Pour obtenir l’autorisation de rendre visite à Zhao Mei, les membres de sa famille ont dû également demander à la police de la localité où leur ménage est enregistré un « certificat » prouvant qu’aucun d’eux n’était croyant. Au cours des deux dernières années, ces exigences sont devenues de plus en plus répandues dans toute la Chine.
Bitter Winter a reçu confirmation de la part d’un gardien de prison qu’il s’agissait d’un ordre du gouvernement central. En effet, si les proches de croyants de l’EDTP souhaitent leur rendre visite en prison, ils doivent d’abord obtenir le certificat requis de la police et ce n’est qu’ensuite qu’ils peuvent s’adresser à l’administration pénitentiaire. Si leur demande n’est pas approuvée, ils ne seront pas autorisés à voir leurs proches.
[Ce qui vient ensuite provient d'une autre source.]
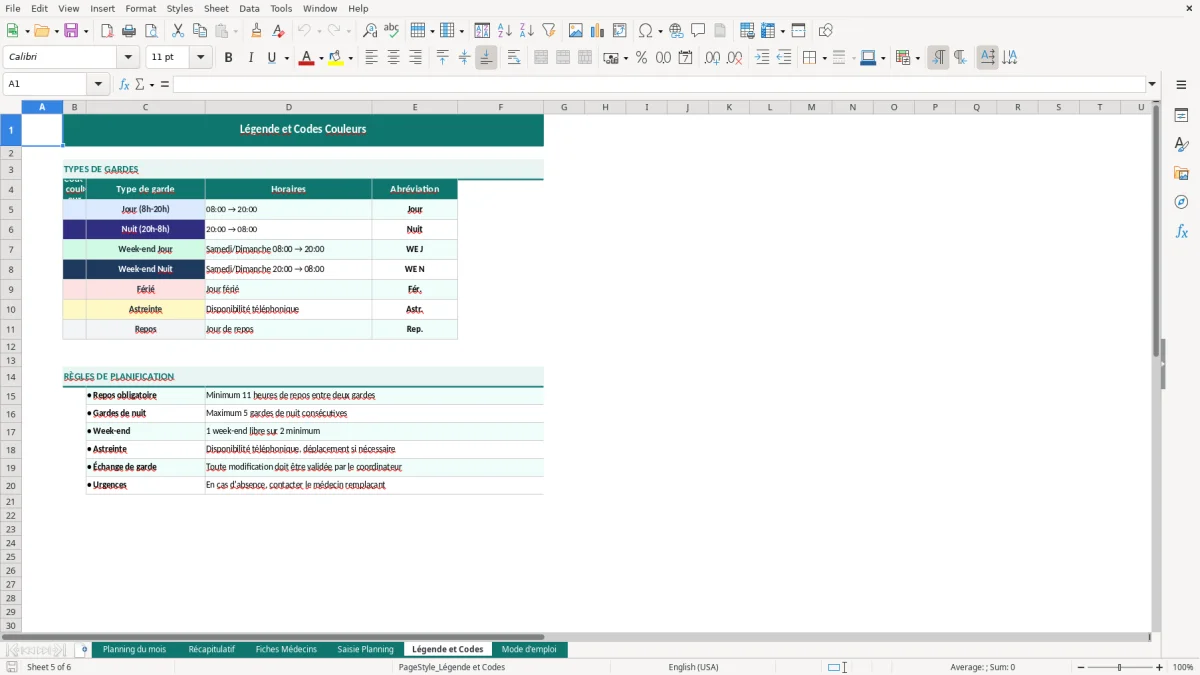 Capture d'écran 5 : Feuille Légende et Codes - Modèle Excel planning gardes médecin excel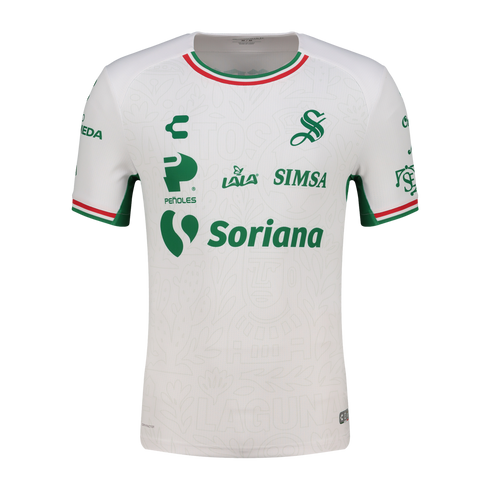 White Charly soccer jersey with green sponsor logos, a Mexican flag-colored collar and sleeve trim, and subtle tonal patterns throughout.
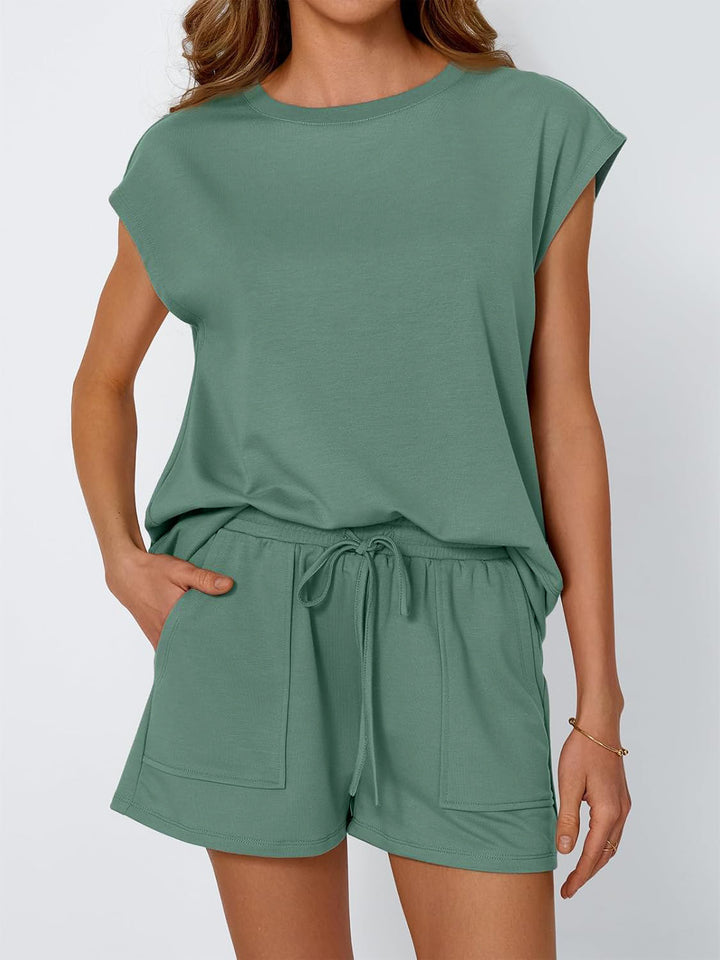 Damen lässiges Sommer-Set aus Oberteil und Shorts mit Kordelzug Drune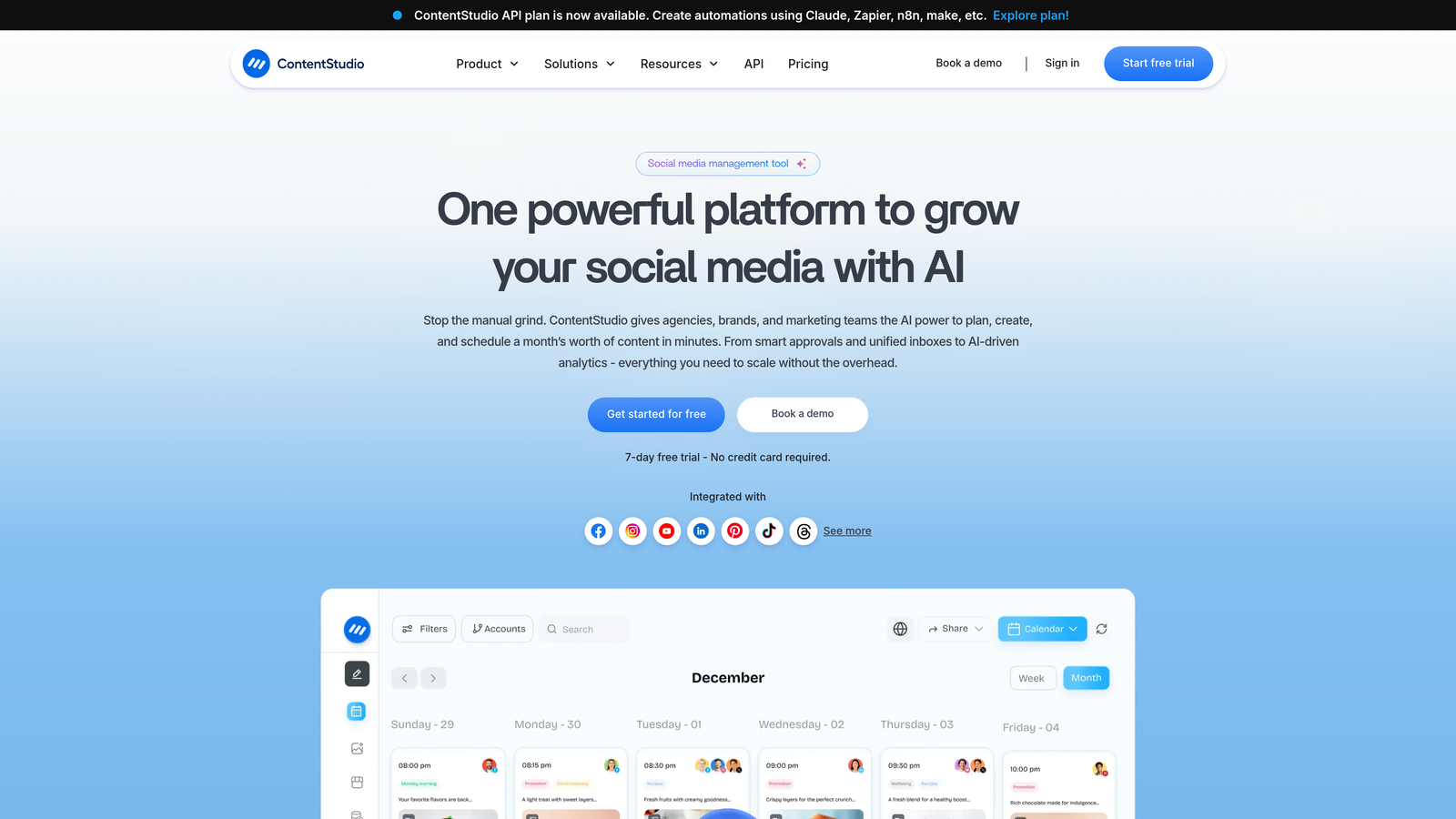 Screenshot of ContentStudio website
Les restrictions imposées par l’État sur les visites aux prisonniers d’opinion croyants sont particulièrement dures pour les personnes âgées et ce, d’autant plus si elles sont elles-mêmes membres de groupes interdits. Au cours de l’année dernière, une croyante de l’EDTP du sud de la Chine a hésité à rendre visite à son fils, également membre de l’EDTP, condamné à six ans de prison pour sa foi. « Je veux aller l’encourager, mais j’ai peur », a dit la vieille dame, le regard plein d’inquiétude.
(Pour protéger l’identité des victimes, nous avons utilisé des pseudonymes au lieu de leurs vrais noms.)